The sky, if I could see it, would be blue. Instead there is the color of a robin's egg picked up from the dust, the cool, cotton-candy color of five p.m. clouded by sand from a desert wind and the rising smoke of brush fires. I'm sitting next to my homologue on the sidelines of a soccer game. A little girl in a purple dress, the daughter of the French teacher, fidgets between us. I am miserable.
Say something, I think. What better time to talk about the dangers of brush fires than right now, with the flames licking across the field directly behind the soccer pitch? Well, pitch may be too strong a word. The boys are running on khaki-colored dry spots that haven't seen green in years. Where there is grass, it is tall, and scrapes the tough skin of their shins. A southern slope to the land gives the younger boys the advantage of momentum.

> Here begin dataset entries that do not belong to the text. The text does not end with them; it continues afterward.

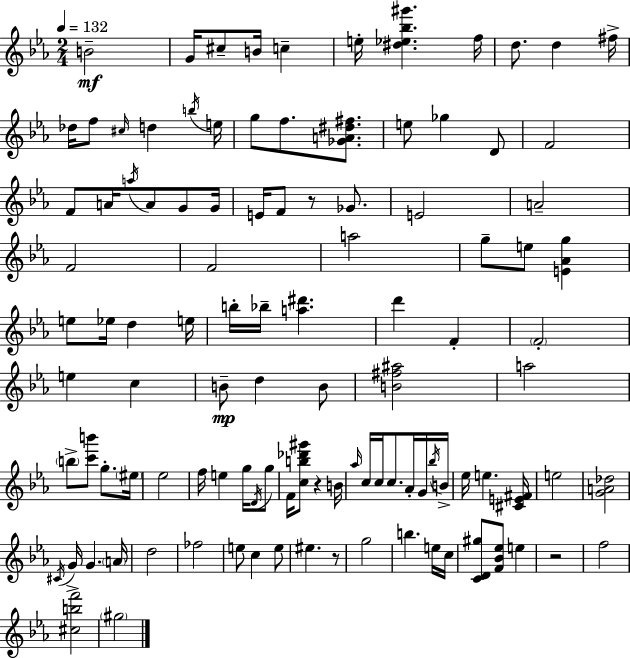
B4/h G4/s C#5/e B4/s C5/q E5/s [D#5,Eb5,Bb5,G#6]/q. F5/s D5/e. D5/q F#5/s Db5/s F5/e C#5/s D5/q B5/s E5/s G5/e F5/e. [Gb4,A4,D#5,F#5]/e. E5/e Gb5/q D4/e F4/h F4/e A4/s A5/s A4/e G4/e G4/s E4/s F4/e R/e Gb4/e. E4/h A4/h F4/h F4/h A5/h G5/e E5/e [E4,Ab4,G5]/q E5/e Eb5/s D5/q E5/s B5/s Bb5/s [A5,D#6]/q. D6/q F4/q F4/h E5/q C5/q B4/e D5/q B4/e [B4,F#5,A#5]/h A5/h B5/e [C6,B6]/e G5/e. EIS5/s Eb5/h F5/s E5/q G5/s D4/s G5/e F4/s [C5,B5,Db6,G#6]/e R/q B4/s Ab5/s C5/s C5/s C5/e. Ab4/s G4/s Bb5/s B4/s Eb5/s E5/q. [C#4,E4,F#4]/s E5/h [G4,A4,Db5]/h C#4/s G4/s G4/q. A4/s D5/h FES5/h E5/e C5/q E5/e EIS5/q. R/e G5/h B5/q. E5/s C5/s [C4,D4,G#5]/e [F4,Bb4,Eb5]/e E5/q R/h F5/h [C#5,B5,F6]/h G#5/h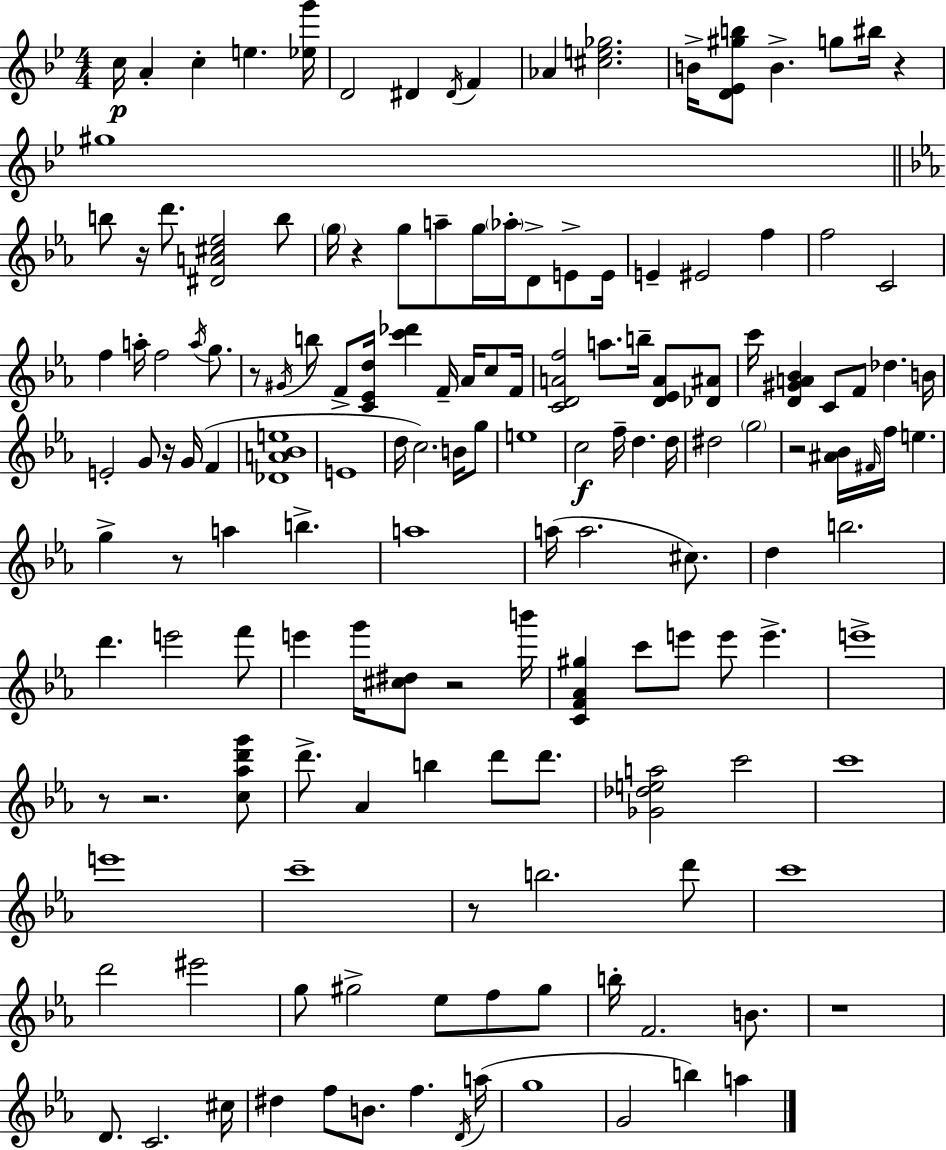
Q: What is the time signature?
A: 4/4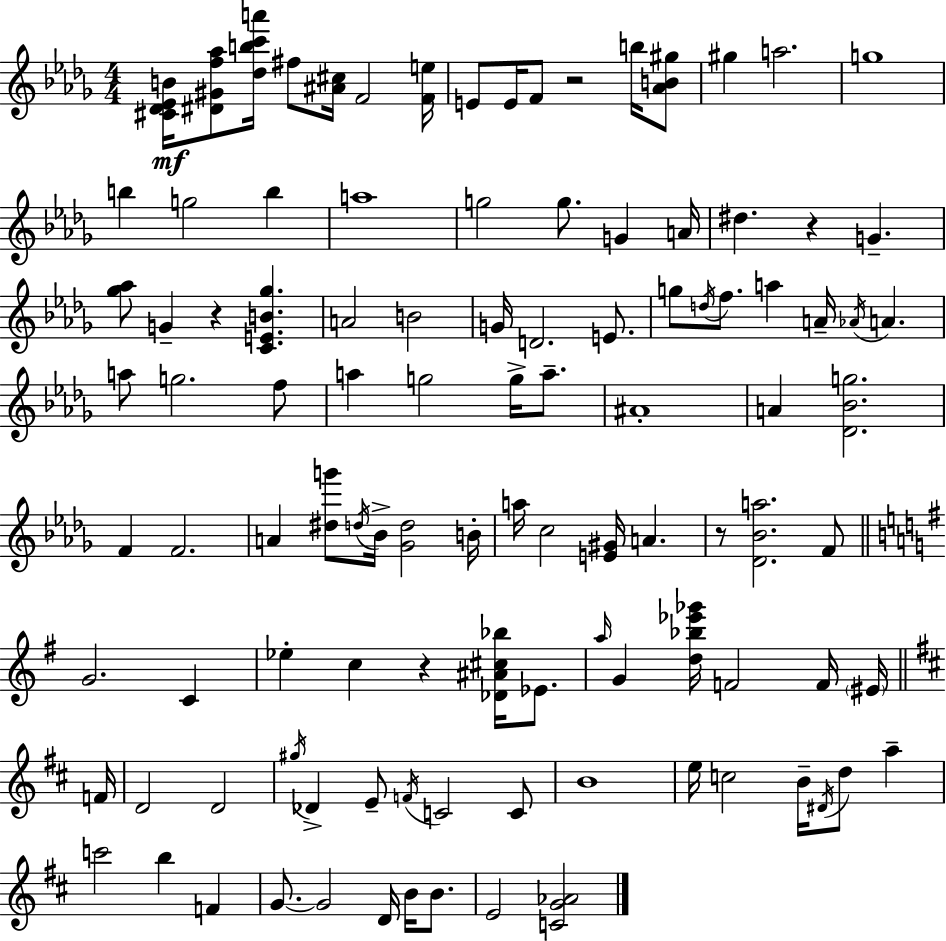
[C#4,Db4,Eb4,B4]/s [D#4,G#4,F5,Ab5]/e [Db5,B5,C6,A6]/s F#5/e [A#4,C#5]/s F4/h [F4,E5]/s E4/e E4/s F4/e R/h B5/s [Ab4,B4,G#5]/e G#5/q A5/h. G5/w B5/q G5/h B5/q A5/w G5/h G5/e. G4/q A4/s D#5/q. R/q G4/q. [Gb5,Ab5]/e G4/q R/q [C4,E4,B4,Gb5]/q. A4/h B4/h G4/s D4/h. E4/e. G5/e D5/s F5/e. A5/q A4/s Ab4/s A4/q. A5/e G5/h. F5/e A5/q G5/h G5/s A5/e. A#4/w A4/q [Db4,Bb4,G5]/h. F4/q F4/h. A4/q [D#5,G6]/e D5/s Bb4/s [Gb4,D5]/h B4/s A5/s C5/h [E4,G#4]/s A4/q. R/e [Db4,Bb4,A5]/h. F4/e G4/h. C4/q Eb5/q C5/q R/q [Db4,A#4,C#5,Bb5]/s Eb4/e. A5/s G4/q [D5,Bb5,Eb6,Gb6]/s F4/h F4/s EIS4/s F4/s D4/h D4/h G#5/s Db4/q E4/e F4/s C4/h C4/e B4/w E5/s C5/h B4/s D#4/s D5/e A5/q C6/h B5/q F4/q G4/e. G4/h D4/s B4/s B4/e. E4/h [C4,G4,Ab4]/h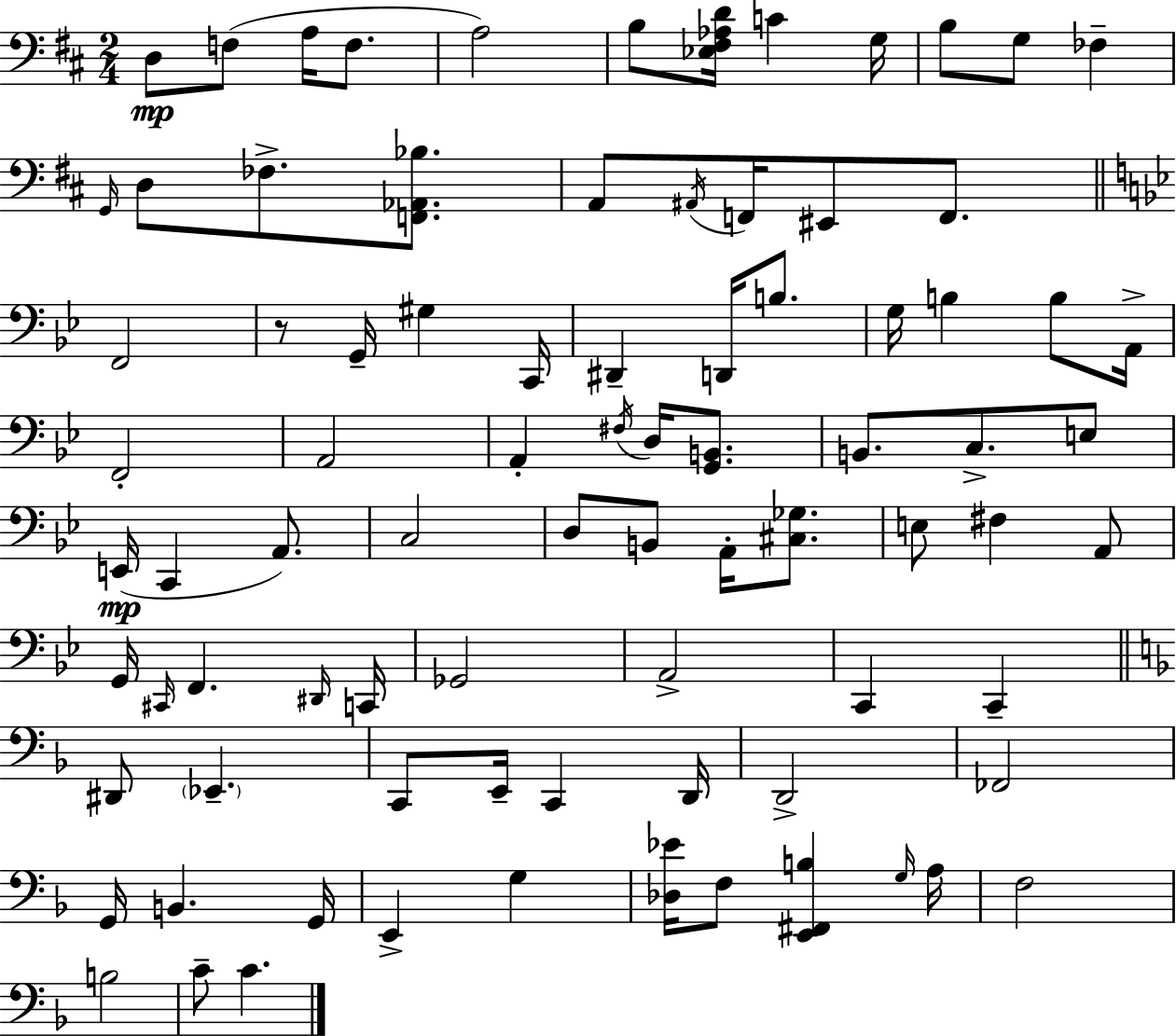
D3/e F3/e A3/s F3/e. A3/h B3/e [Eb3,F#3,Ab3,D4]/s C4/q G3/s B3/e G3/e FES3/q G2/s D3/e FES3/e. [F2,Ab2,Bb3]/e. A2/e A#2/s F2/s EIS2/e F2/e. F2/h R/e G2/s G#3/q C2/s D#2/q D2/s B3/e. G3/s B3/q B3/e A2/s F2/h A2/h A2/q F#3/s D3/s [G2,B2]/e. B2/e. C3/e. E3/e E2/s C2/q A2/e. C3/h D3/e B2/e A2/s [C#3,Gb3]/e. E3/e F#3/q A2/e G2/s C#2/s F2/q. D#2/s C2/s Gb2/h A2/h C2/q C2/q D#2/e Eb2/q. C2/e E2/s C2/q D2/s D2/h FES2/h G2/s B2/q. G2/s E2/q G3/q [Db3,Eb4]/s F3/e [E2,F#2,B3]/q G3/s A3/s F3/h B3/h C4/e C4/q.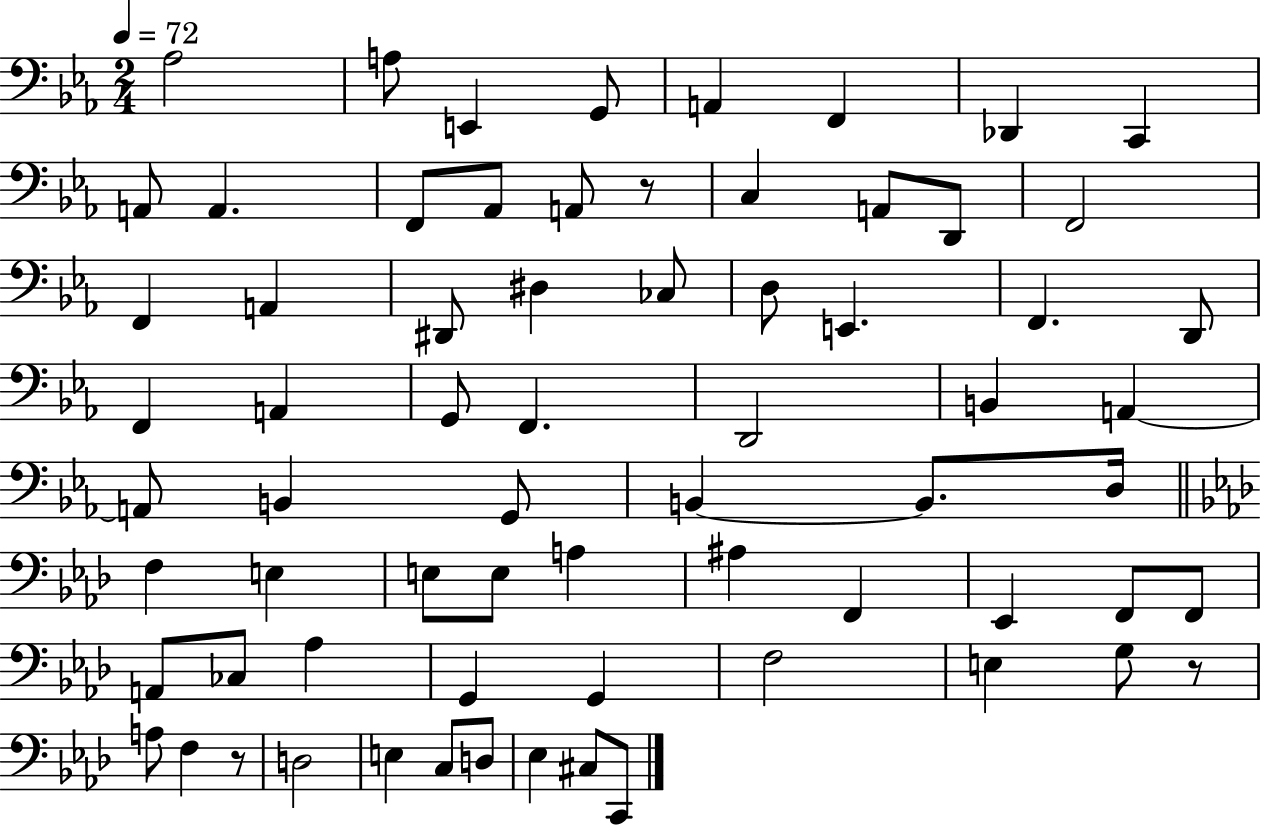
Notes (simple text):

Ab3/h A3/e E2/q G2/e A2/q F2/q Db2/q C2/q A2/e A2/q. F2/e Ab2/e A2/e R/e C3/q A2/e D2/e F2/h F2/q A2/q D#2/e D#3/q CES3/e D3/e E2/q. F2/q. D2/e F2/q A2/q G2/e F2/q. D2/h B2/q A2/q A2/e B2/q G2/e B2/q B2/e. D3/s F3/q E3/q E3/e E3/e A3/q A#3/q F2/q Eb2/q F2/e F2/e A2/e CES3/e Ab3/q G2/q G2/q F3/h E3/q G3/e R/e A3/e F3/q R/e D3/h E3/q C3/e D3/e Eb3/q C#3/e C2/e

A triangle of flame attacks a teak tree just behind the field. The flames are violent and unhinged. But how, three days into service, do I gather all these spectators, rip them away from their fun, and lecture them about an activity they've done every dry season of their lives? I don't. Several weeks before, late at night, protected by darkness and a mosquito net, the air cool after a rain, I'd asked L what she was thinking. "Nothing at all," she said. "I'm just enjoying the moment." I think of that here, while the trunks of trees char and the older boys celebrate another goal. I have two years to work. I can enjoy a soccer game tonight.